インプットサンプルに含まれる50コピー/µLのSARS-CoV-2 RNAの検出

図2および図3に示した結果から、Whatman™ 903カードとSera-Xtracta™ Virus/Pathogen Kitにおいて、ヒト全血およびヒト細胞を含むUTM中の50コピー/µL以下のウイルスRNAは、Whatman™ 903カードにスポット後に室温で14日間保存しても、信頼性の高いサンプル保存および核酸精製(NAP™)能を提供することが確認されました。T0(24時間)およびT14(14日)のCt値は、液体コントロールと同等であり(p>0.05、不対t検定。注:不確定なCt値はt-testに含まれない)、COVID-19ウイルスRNAをWhatman™ 903カードに保存しても収量が低下しないことが示されました。
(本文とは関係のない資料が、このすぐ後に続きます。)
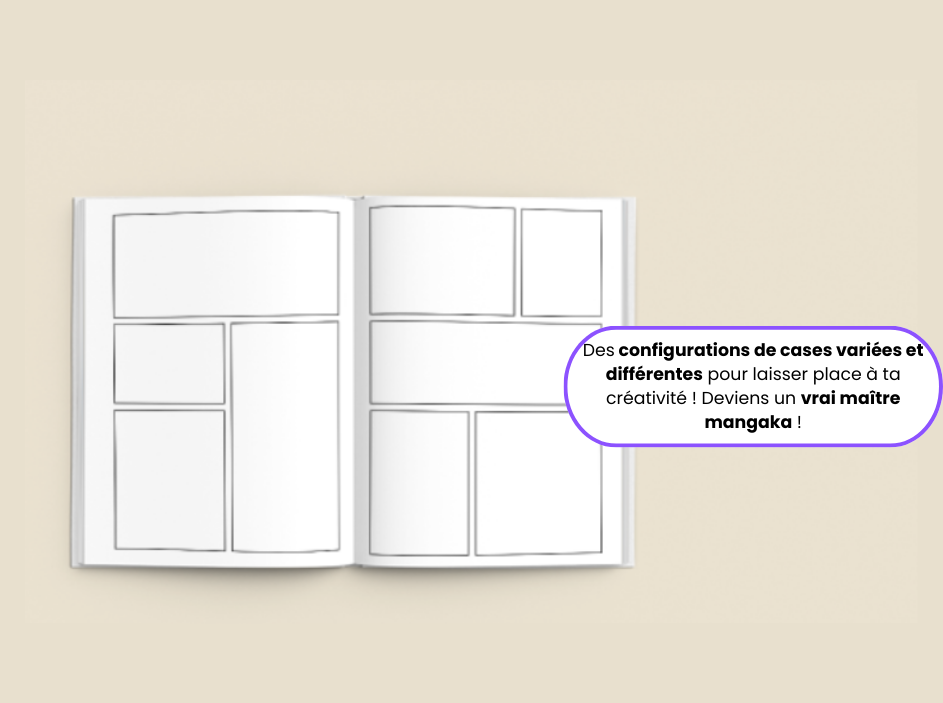 livre case vierge ouvert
Whatman™ 903カードは、ウイルスRNAやCOVID-19サンプルの収集、保管、輸送に有効なオプションです。Whatman™ 903カードでのCOVID-19 RNAの14日間の安定性は、検査のため実験室へ輸送するのに十分な時間を提供します。HIVウイルスRNAの保存を成功させるために、WHOは乾燥血液スポット(Whatman™ 903などの紙製カードに血液を採取し、その後乾燥血液スポット(DBS)を診断目的で使用すること)を採取後14日まで常温で保存および/または輸送できることを推奨しています。この期間を過ぎると、DBSは遺伝子型判定のために処理されるか、-20℃以下で冷凍保存する必要があります(8)。Whatman™ 903カードに保存されたウイルスRNA(HIV)の長期保存条件を検討した論文の一覧とその主な結果は表1をご覧ください。

図2

Detection of heat inactivated SARS-CoV-2 diluted in COPAN UTM containing human cells

図3

Detection of heat inactivated SARS-CoV-2 diluted in whole human blood containing human cells

図2および図3. ヒト細胞を含むUTM(図2)およびヒト全血(図3)にスパイクされたウイルスRNAについて得られたCt値で、Whatman™ 903カードに室温で24時間(T0)および14日間(T14)保存したもの。Ct値は、N1 COVID-19 特異的プライマーにより増幅したウイルスRNA(熱で不活化した50コピー/µL)とヒト特異的RNase Pプライマーによって算出されています。N1 COVID-19特異的プライマーセットの値は、T0での2回の技術的複製とT14での3回の技術的複製(各独立した抽出について)の平均値です。エラーバーは標準偏差を表しています。なお、COVID-19特異的増幅は、スパイクされていないコントロールサンプルのいずれにおいても検出されませんでした(Ct未決定)。(データ未掲載)

表1. HIVウイルスRNAジェノタイピング用の乾燥血液スポット(DBS)をスポットしたWhatman™ 903カードの最適な保存条件を調査した発表論文の概要(WHO Manual for HIV Drug Resistance Testing Using Dried Blood Spot Specimens (8)より引用)。

Storage conditions tested
Study Time Temperature/Humidity Desiccant Outcomes
Garcia-Lerma 9 1–16 weeks 37°C / high humidity, -20°C Yes DBS stable at 37°C only for 1-2 weeks. -20°C recommended for long-term storage. -20°C superior for short and long term.
Buckton 10 3 months -20°C, 4°C, 20°C Yes HIV DNA PCR only. No observed degradation in HIV DNA during 3 month study period.
Bertagnolio 11 3 months 37°C / 85% humidity Yes Good amplification rate (90%)
McNulty 12 6 years
5 years
2–3 years
-30°C
Ambient temperature and -70°C
-20°C
Yes Complete degradation at ambient temperature, stable at -30°C and -70°C; -20°C recommended for long-term storage.
Nelson 13 3–6 years Ambient temperature Yes Moderately successful amplification rate (69%); 1 log drop in viral load.
Wallis 14 3 months Ambient temperature, 4°C, -20°C Yes Some reduction in amplification rate at ambient temp. vs. 4°C or -20°C.

結論

Sera-Xtracta™ Virus/Pathogen キットは、様々な種類のサンプルや異なる濃度のサンプルから効率的に全核酸(DNA/RNA)を回収し、ダウンストリームで高感度に検出することができます。このキットは、低濃度のウイルスやその他の病原体を高感度で検出するために、ワークフローを最適化したいと考えている分子診断検査室に、簡単で迅速な方法を提供します。本キットは、自動化に対応しており、磁気ビーズを使用しているため、装置の柔軟性にも優れています。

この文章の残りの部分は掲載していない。